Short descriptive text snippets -
=====
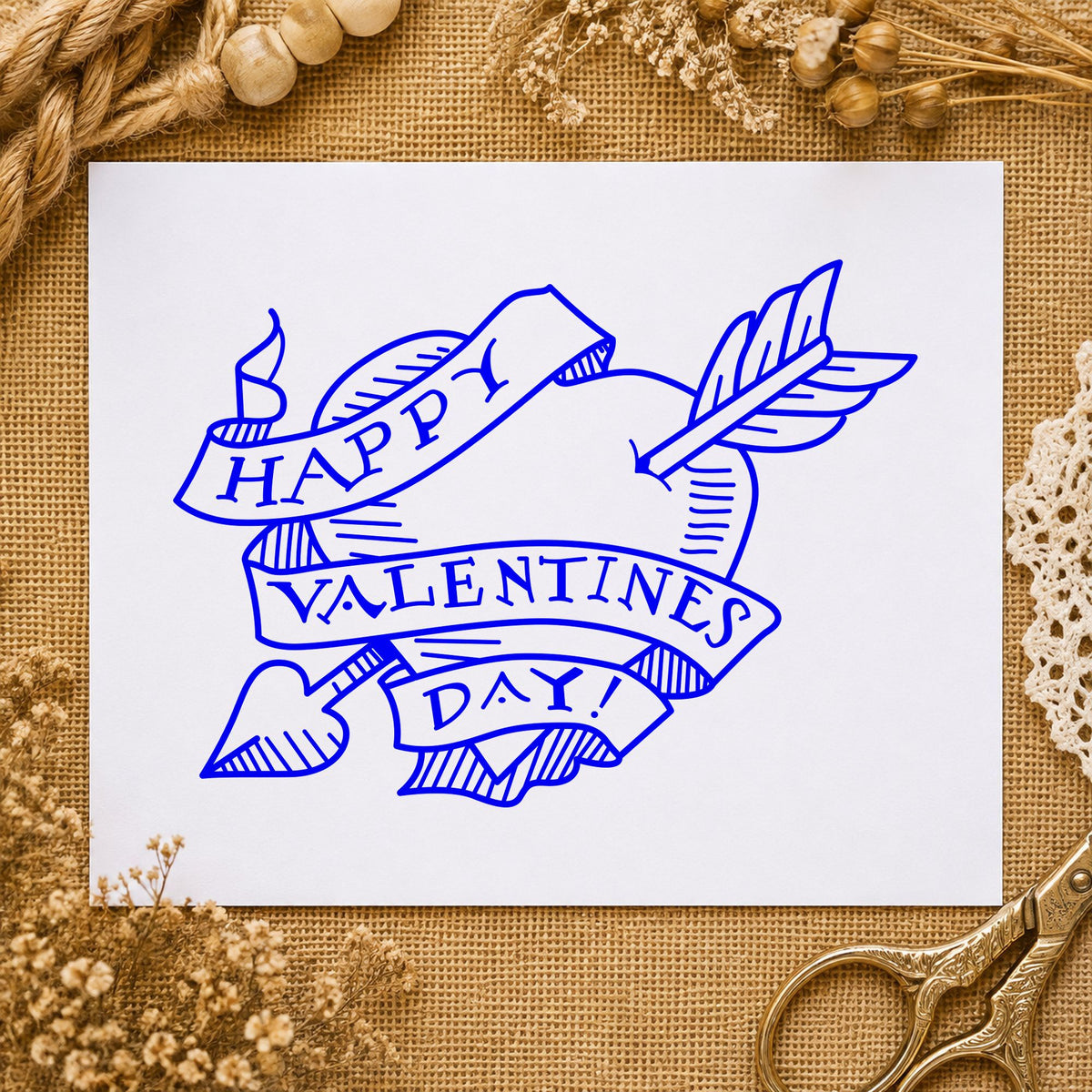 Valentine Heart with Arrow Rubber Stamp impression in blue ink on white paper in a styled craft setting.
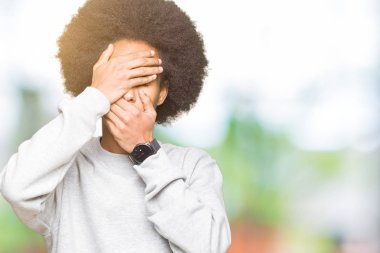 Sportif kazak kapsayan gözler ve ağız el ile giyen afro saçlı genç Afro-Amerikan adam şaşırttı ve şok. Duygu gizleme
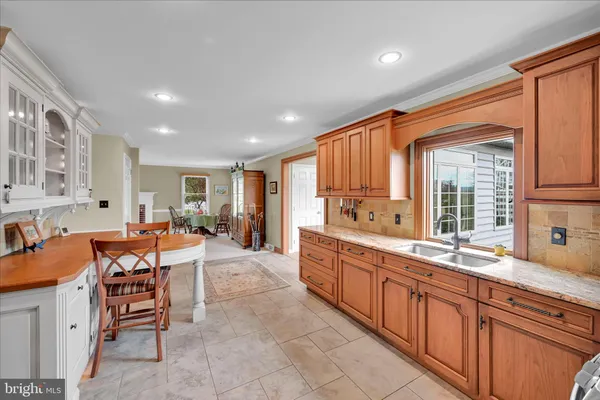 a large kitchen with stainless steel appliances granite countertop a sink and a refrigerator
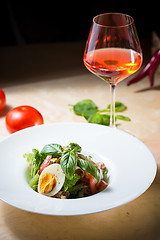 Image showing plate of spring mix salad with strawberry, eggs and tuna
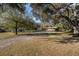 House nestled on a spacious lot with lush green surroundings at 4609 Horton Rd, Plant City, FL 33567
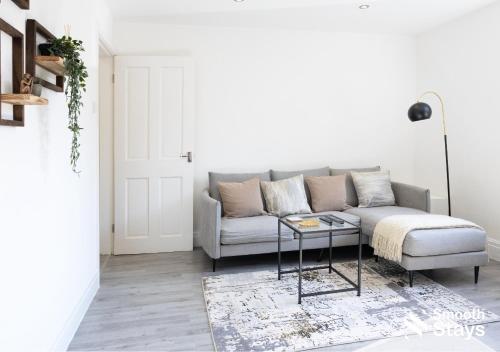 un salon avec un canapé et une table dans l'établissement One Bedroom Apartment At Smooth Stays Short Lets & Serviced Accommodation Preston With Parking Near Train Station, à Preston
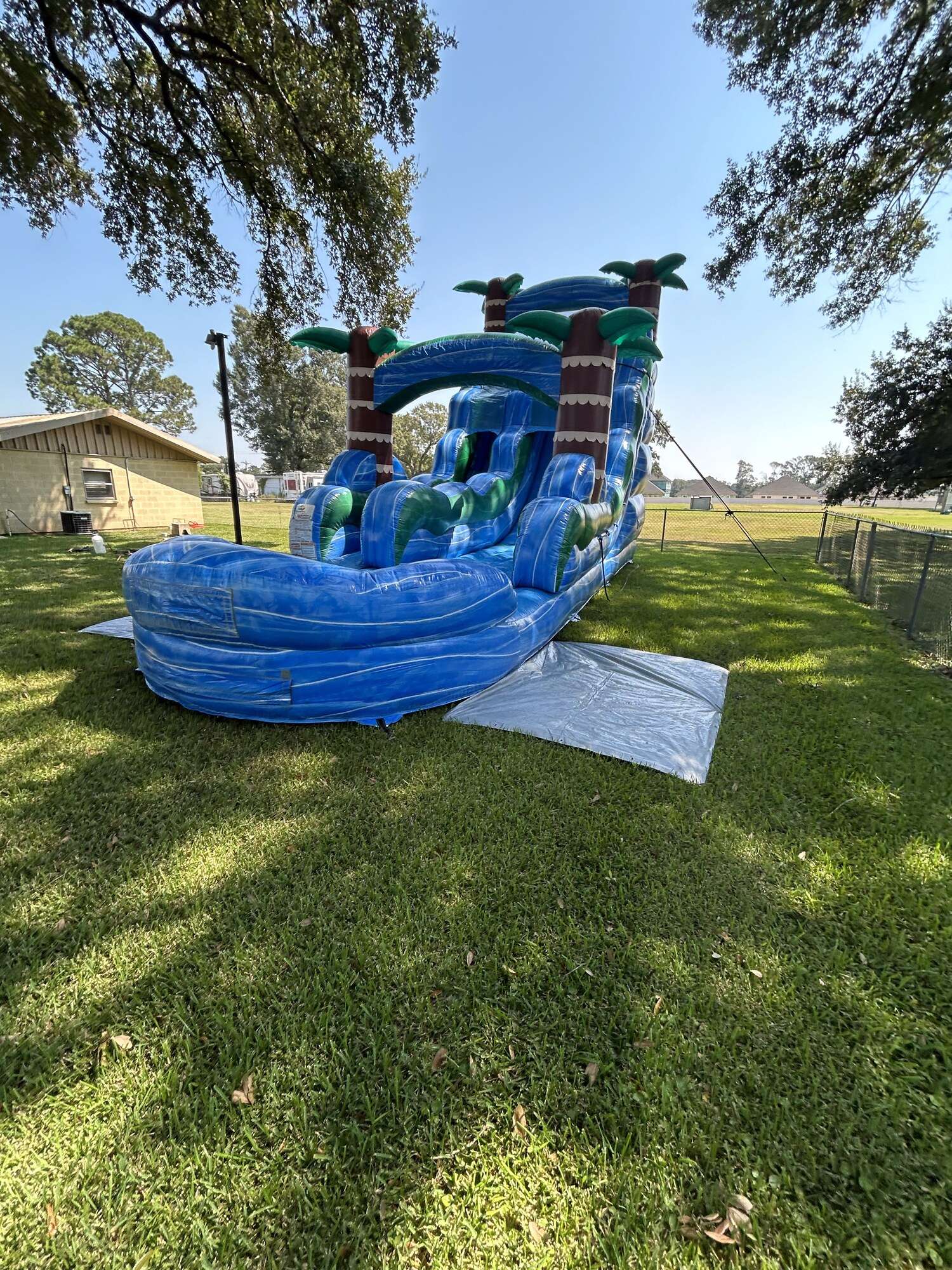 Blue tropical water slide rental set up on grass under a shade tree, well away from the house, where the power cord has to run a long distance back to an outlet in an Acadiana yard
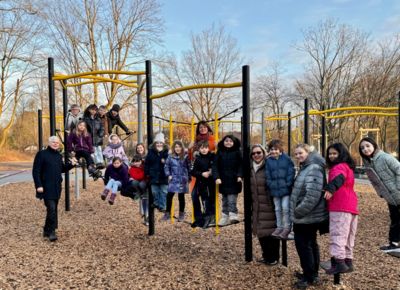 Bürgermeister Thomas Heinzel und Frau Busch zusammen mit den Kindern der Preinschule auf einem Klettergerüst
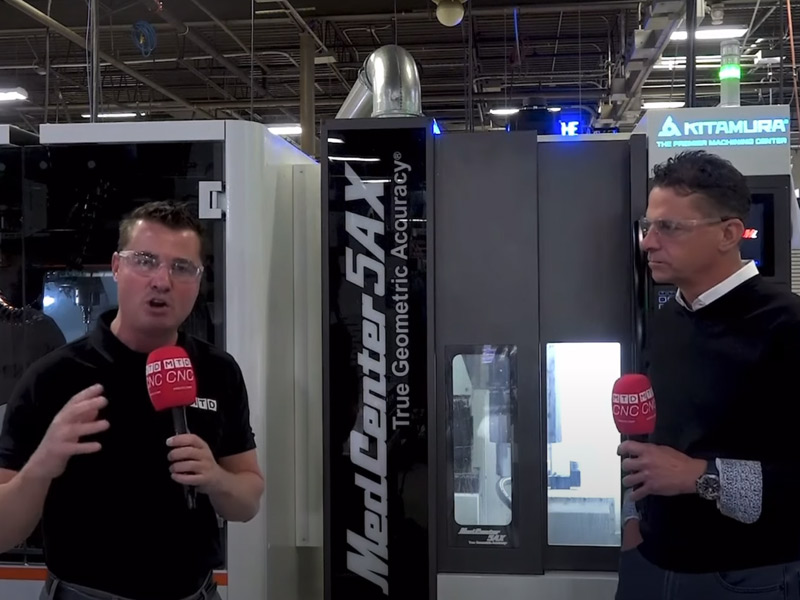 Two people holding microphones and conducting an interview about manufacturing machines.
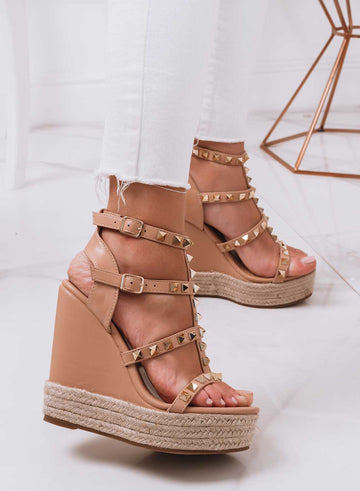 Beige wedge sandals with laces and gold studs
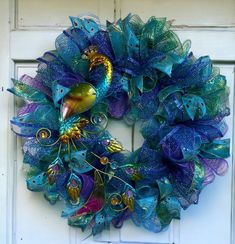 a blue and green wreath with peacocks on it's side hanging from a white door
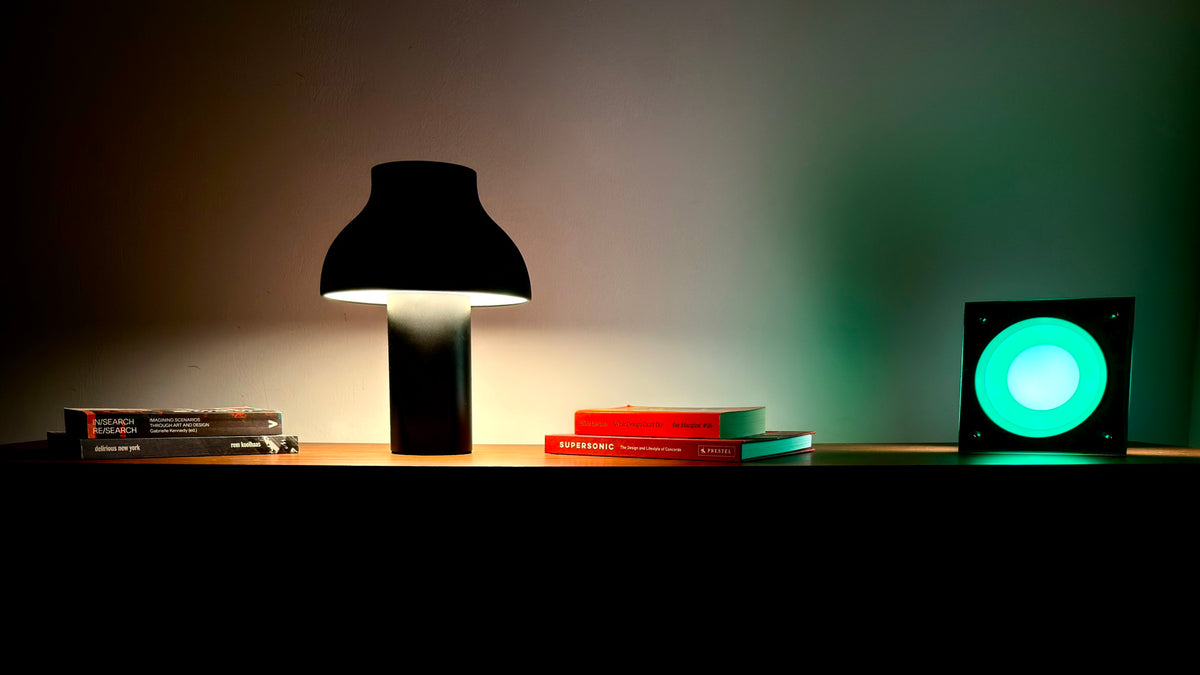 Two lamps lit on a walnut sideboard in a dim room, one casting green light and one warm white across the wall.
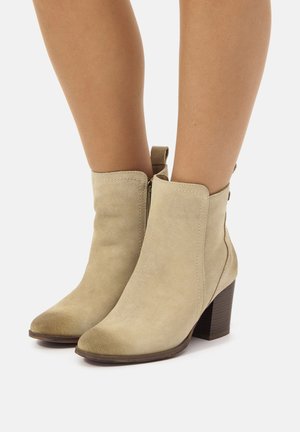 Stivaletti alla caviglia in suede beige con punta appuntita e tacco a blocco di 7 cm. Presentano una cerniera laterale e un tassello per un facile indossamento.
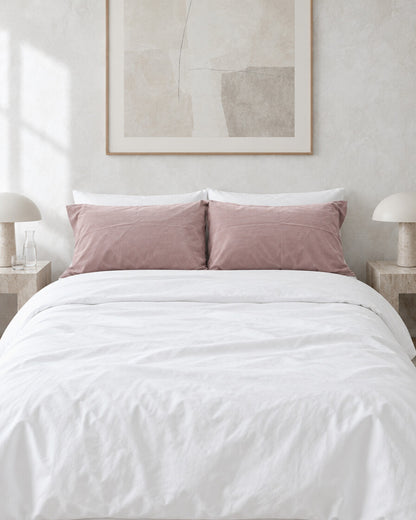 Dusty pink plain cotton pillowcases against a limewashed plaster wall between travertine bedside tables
=====
Action item - Stop after the line containing "un salon avec": copy the records exactly from the first line up to there, leaving pictures out.

Exercise solution -
 Valentine Heart with Arrow Rubber Stamp impression in blue ink on white paper in a styled craft setting.
 Sportif kazak kapsayan gözler ve ağız el ile giyen afro saçlı genç Afro-Amerikan adam şaşırttı ve şok. Duygu gizleme
 a large kitchen with stainless steel appliances granite countertop a sink and a refrigerator
 Image showing plate of spring mix salad with strawberry, eggs and tuna
 House nestled on a spacious lot with lush green surroundings at 4609 Horton Rd, Plant City, FL 33567
 un salon avec un canapé et une table dans l'établissement One Bedroom Apartment At Smooth Stays Short Lets & Serviced Accommodation Preston With Parking Near Train Station, à Preston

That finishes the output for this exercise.